Amanda Cross, Der James Joyce-Mord

Kate Fansler verbringt den Sommer auf dem Lande in dem kleinen Dorf Araby. Dort will sie mit Unterstützung Emmets, eines Doktoranden, den Nachlass des Verlegers Samuel Lingerwells sichten, der auch James Joyces Werke herausgegeben hat. Dieser Nachlass befindet sich in dem Haus des verstorbenen Verlegers, das Kate den Sommer über nutzen kann. Begleitet wird sie von ihrem Neffen Leo und dessen Hauslehrer William.
Reed, der mit ihr befreundete Bezirksstaatsanwalt, kommt sie besuchen, später dann noch zwei Professorinnen. Kate befindet sich also in illustrer Gesellschaft. Im Haus geht es zu wie in einem Bienenstock, man kommt und geht, denn die Türen auf dem Lande sind nicht verschlossen. So unterschiedlich die Bewohner und Besucher sind, so einig sind sie sich in der Beurteilung oder besser gesagt Verurteilung von Mary Bradford, einer Nachbarin, die ihre Zunge nicht im Zaum halten kann, über die Maßen neugierig ist und ständig Zwietracht sät:
„Wenn dieser Frau der Zutritt in diesem Hause weiterhin gestattet ist, werde ich um meine Entlassung bitten müssen. Widerstrebend … denn es handelt sich um eine faszinierende Sammlung. Da gibt es einen Brief – aber ich vertrage es nicht, dass diese Frau über mir hängt, als wäre ich ein Pudding, um diese oder jene außerordentlich interessante Neuigkeit über Sie wie Rosinen aus mir herauszupicken. „
Kate schlägt Emmet vor, Gerüchte über sie in die Welt zu setzen, damit es Mary Bradford die Sprache verschlägt: „Erzählen Sie Mrs. Bradford, dass Leo mein uneheliches Kind ist, dass ich seinen Vater ermordet habe und dass ich hier meine Kolonie der Lustknaben aufbaue, weil ich eine neue Religion gründen will.“
Doch Emmet glaubt nicht, dass das wirkungsvoll sein wird:
„Das Einzige, was dieser Frau die Sprache verschlagen kann, ist eine Kugel in den Kopf und selbst dann wird sie aus reiner Gewohnheit die Lippen noch weiterbewegen.“
Und genau das passiert. Mary Bradford stirbt durch eine Kugel in den Kopf. Dringend tatverdächtig sind Kates Neffe Leo und sein Betreuer William, da die beiden regelmäßig Schießübungen mit dem Gewehr gemacht haben. Und davon wussten alle im Dorf. Nur war die Waffe nie geladen und welches Motiv sollten die beiden haben?

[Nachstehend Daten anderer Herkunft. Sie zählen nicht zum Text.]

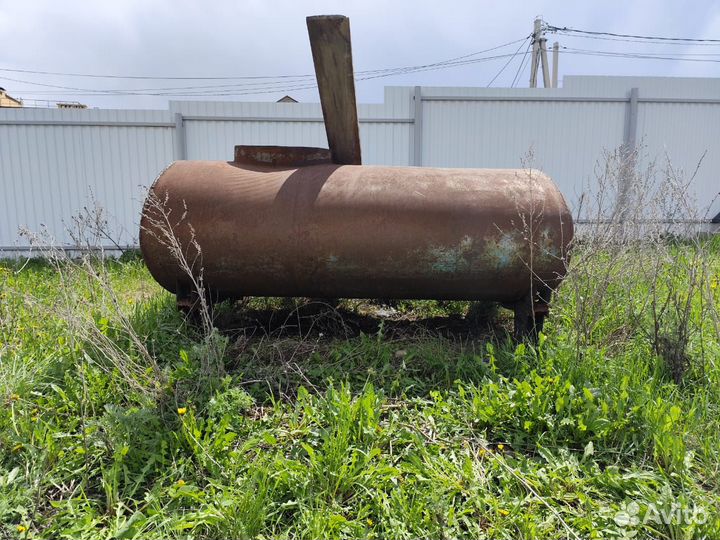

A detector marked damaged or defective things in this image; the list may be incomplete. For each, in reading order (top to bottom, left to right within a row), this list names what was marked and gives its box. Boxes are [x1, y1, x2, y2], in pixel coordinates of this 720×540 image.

rusted metal surface [138, 148, 572, 306]
rusty metal tank [141, 146, 572, 306]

Die Suche nach dem Mörder beginnt und führt über sehr verschlungene Wege. Ein Verdächtiger nach dem anderen taucht auf, gibt es doch viele, die ein Motiv hätten, die allerdings unterschiedlicher nicht sein könnten. Lange Zeit tappt man wie die Polizeibeamten, denen Kate wie auch schon in ihrem ersten Fall nicht allzuviel zutraut, im Dunkeln, es sei denn man hat sehr, sehr aufmerksam gelesen.

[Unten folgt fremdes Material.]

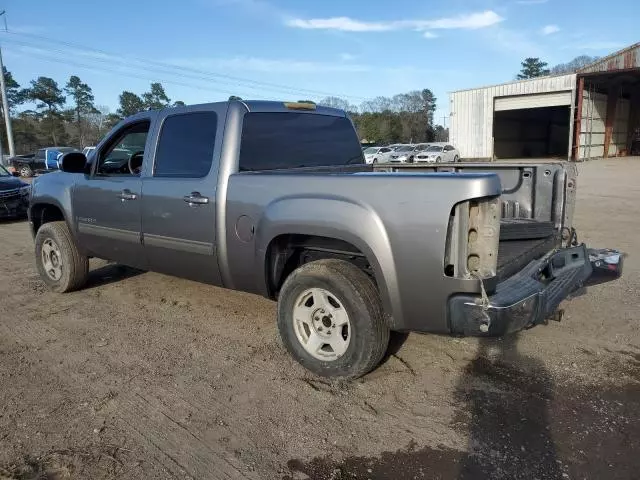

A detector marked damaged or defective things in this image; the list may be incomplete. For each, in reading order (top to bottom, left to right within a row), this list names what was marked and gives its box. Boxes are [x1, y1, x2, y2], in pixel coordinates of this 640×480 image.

damaged rear bumper [448, 246, 624, 336]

Dieser Krimi zieht sich zu Beginn ziemlich in die Länge, eine Spekulation wird an die nächste gereiht, ohne überhaupt irgendwelche Anhaltspunkte zu haben. Denn „es ist fast unmöglich herauszubekommen, wer die Kugel in den Lauf geschoben hat.“
„Sätze voller Paranthesen, nochmaliger Steigerungen, durchsetzt von perodischen Gefügen“ so kennzeichnet Kate ihren Sprachstil, dessen Beschreibung in weiten Teilen auch für den Schreibstil dieses Romans zutrifft, sicher ein wenig gewöhnungsbedürftig für die meisten KrimileserInnen.
Wer den Fokus nicht auf das Genre „Kriminalroman“ legt, hält mit „Der James Joyce-Mord“ dennoch einen interessanten, unterhaltsamen Roman in der Hand, in dem man eine Menge über das Konkurrenzverhalten, den Publikationsdruck und die Postenverteilung im Universitätsgefüge erfährt, in dem Frauen es immer noch schwer haben, sich zu behaupten. Nicht zufällig sind die Professorinnen dieses Romans unverheiratet.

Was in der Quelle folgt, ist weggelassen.